67      Quant à la réparation du préjudice moral, il y a lieu de rappeler que ce préjudice est réparable lorsqu’il n’est pas compensé par la satisfaction résultant de l’annulation de la décision attaquée (voir, en ce sens, arrêt CH/Parlement, EU:F:2013:203, point 65).

68      Le Tribunal, tenant compte des conditions hautement critiquables dans lesquelles les décisions attaquées sont intervenues, décide qu’il sera fait une juste appréciation, dans les circonstances particulières de l’espèce, du préjudice moral subi par le requérant en fixant, ex æquo et bono, la réparation dudit chef de préjudice à la somme de 40 000 euros.

69      Il résulte de tout ce qui précède que le Parlement doit être condamné à verser au requérant la somme de 45 785,29 euros.

 Sur les dépens

70      Aux termes de l’article 101 du règlement de procédure, sous réserve des autres dispositions du chapitre huitième du titre deuxième dudit règlement, toute partie qui succombe supporte ses propres dépens et est condamnée aux dépens exposés par l’autre partie, s’il est conclu en ce sens. En vertu de l’article 102, paragraphe 1, du même règlement, le Tribunal peut décider, lorsque l’équité l’exige, qu’une partie qui succombe supporte ses propres dépens, mais n’est condamnée que partiellement aux dépens exposés par l’autre partie, voire qu’elle ne doit pas être condamnée à ce titre.

71      Il résulte des motifs énoncés dans le présent arrêt que le Parlement a succombé en son recours. En outre, le requérant a, dans ses conclusions, expressément demandé que le Parlement soit condamné aux dépens. Les circonstances de l’espèce ne justifiant pas l’application des dispositions de l’article 102, paragraphe 1, du règlement de procédure, le Parlement doit supporter ses propres dépens et est condamné à supporter les dépens exposés par le requérant.

Par ces motifs,

LE TRIBUNAL DE LA FONCTION PUBLIQUE
(première chambre)

déclare et arrête :

1)      La décision du Parlement européen rejetant implicitement la demande d’assistance de CN du 13 février 2013 est annulée.

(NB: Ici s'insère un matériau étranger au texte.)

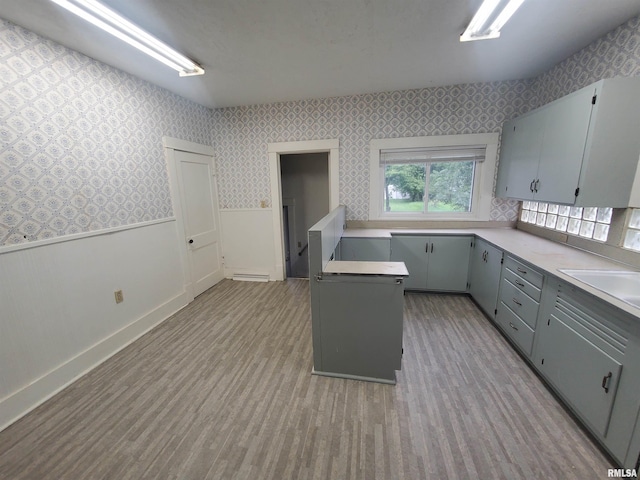 kitchen featuring sink, light hardwood / wood-style floors, a kitchen island, and gray cabinetry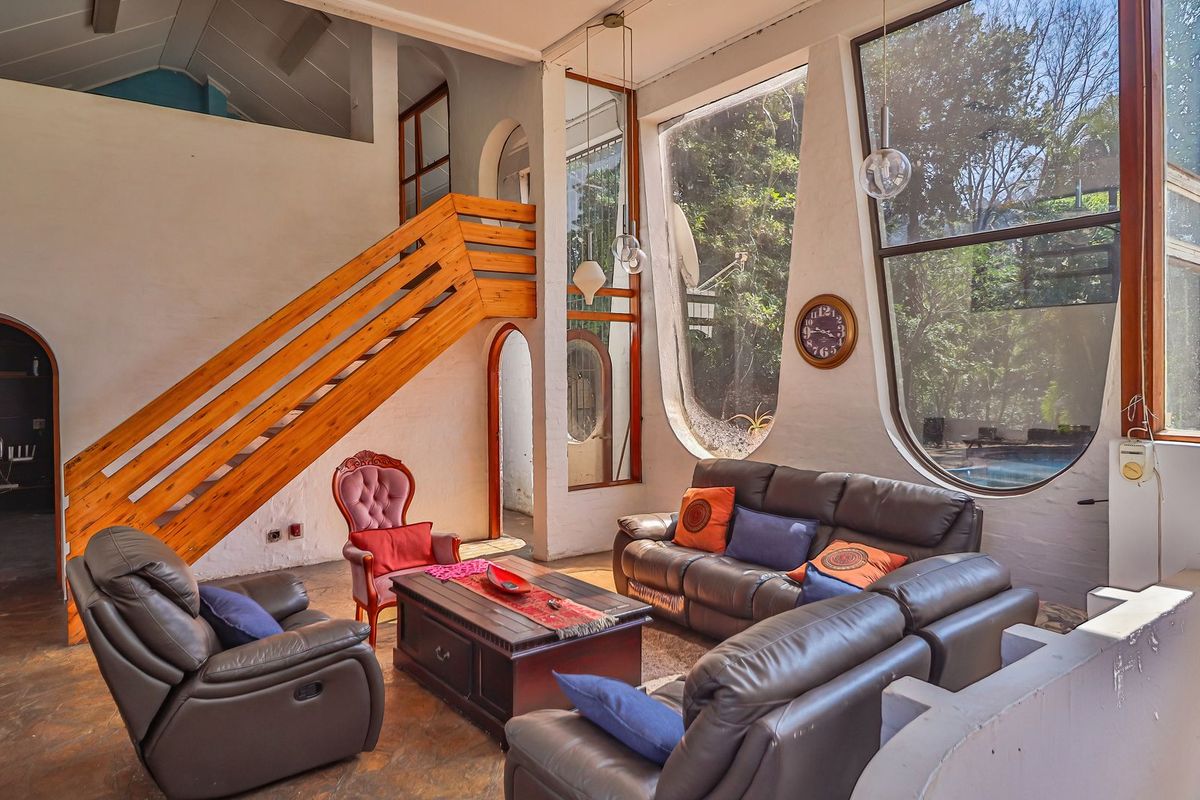 Spacious living room featuring a unique wooden staircase, vaulted ceilings, and large arched windows that provide ample natural light and garden views.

2)      La décision du Parlement européen du 18 décembre 2013, rejetant la réclamation de CN du 26 août 2013, est annulée.

3)      Le Parlement européen est condamné à payer à CN la somme de 45 785,29 euros.

4)      Le Parlement européen supporte ses propres dépens et est condamné à supporter les dépens exposés par CN.

Barents

Perillo

Svenningsen

Ainsi prononcé en audience publique à Luxembourg, le 26 mars 2015.

Le greffier

 

       Le président

W. Hakenberg

 

       R. Barents


* Langue de procédure : le français.